A direita puro-sangue brasileira, teorizou o ex-ministro, só venceu eleições presidenciais “com líderes demagógicos” e que a fizeram “passar vergonha”. Janio Quadros elegeu-se 1960 e renunciou com sete meses de mandato. Fernando Collor venceu em 1989 e sofreu impeachment em 1992. Bolsonaro ganhou em 2018 e foi o primeiro a tentar e não conseguir a reeleição no Brasil.
O otimismo sobre 2026 e a visão histórica sobre presidentes conservadores não impedem Dirceu de constatar: “Nunca houve partidos de direita tão fortes e de massa no Brasil”. Uma realidade à qual se soma, segundo o petista, à atuação política das igrejas evangélicas. Atuação que ele acha normal, já que o Brasil foi fundado (palavras dele) juntamente com o cristianismo e sempre viu a igreja católica fazer política, vide a “Marcha com Deus pela Liberdade” que alimentou o golpe contra o presidente João Goulart em 1964.
A atual importância política do moralismo impõe o desafio de saber lidar com os crentes, cerca de 30% da população, conforme pesquisa Datafolha de 2020. “Temos de parar com isso de dizer: ‘Ele é evangélico’. O problema são as ideias, o reacionarismo, o conservadorismo. Não podemos exigir que eles não façam política”, comentou Dirceu. Que vê uma contradição bem brasileira: “auge do fundamentalismo pentecostal” e, ao mesmo tempo, auge de um certo multiculturalismo nas favelas.

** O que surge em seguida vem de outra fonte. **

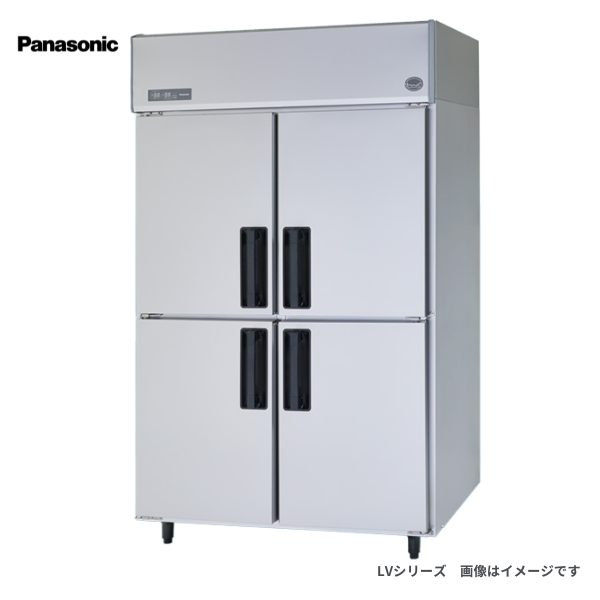 SRR-LV1283C2 業務用縦型冷凍冷蔵庫 省エネ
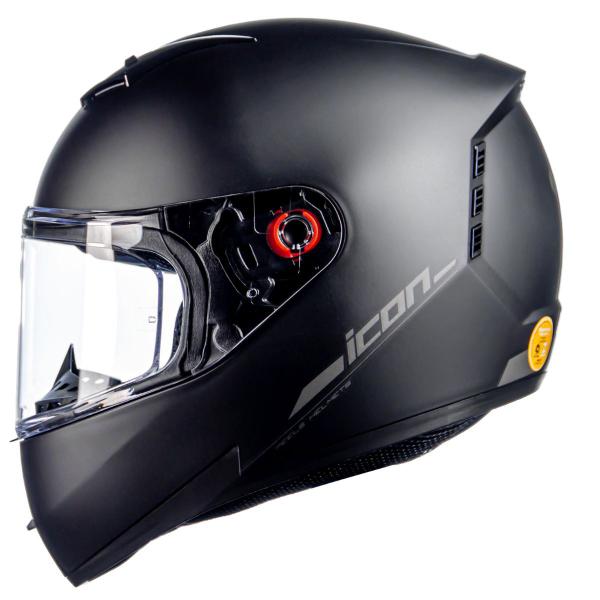 Imagem de Capacete Peels Icon Classic Preto Fosco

Vencer a batalha contra o bolsonarismo depende principalmente, segundo o ex-ministro, de desenvolvimento econômico. O maior “dilema” do governo, para ele, é de onde tirar dinheiro para esse desenvolvimento. Era para ser o petróleo ser a fonte de recursos, após a descoberta do pré-sal, mas as mudanças na atitude da Petrobras (pagar bilhões em dividendos aos acionistas) e na legislação do pré-sal (a estatal perdeu preferências que possuía) a partir de Michel Temer desidrataram tal fonte.
Resta ao governo tentar cumprir uma promessa eleitoral de Lula: mudar o imposto de renda para cobrar mais dos mais ricos através, por exemplo, da volta da taxação sobre lucros e dividendos pagos por empresas. A taxação foi abolida em 1995. “O governo está numa armadilha”, declarou Dirceu. Precisa do Congresso para aprovar mudanças no imposto de renda, e esse mesmo Congresso tem o perfil que tem.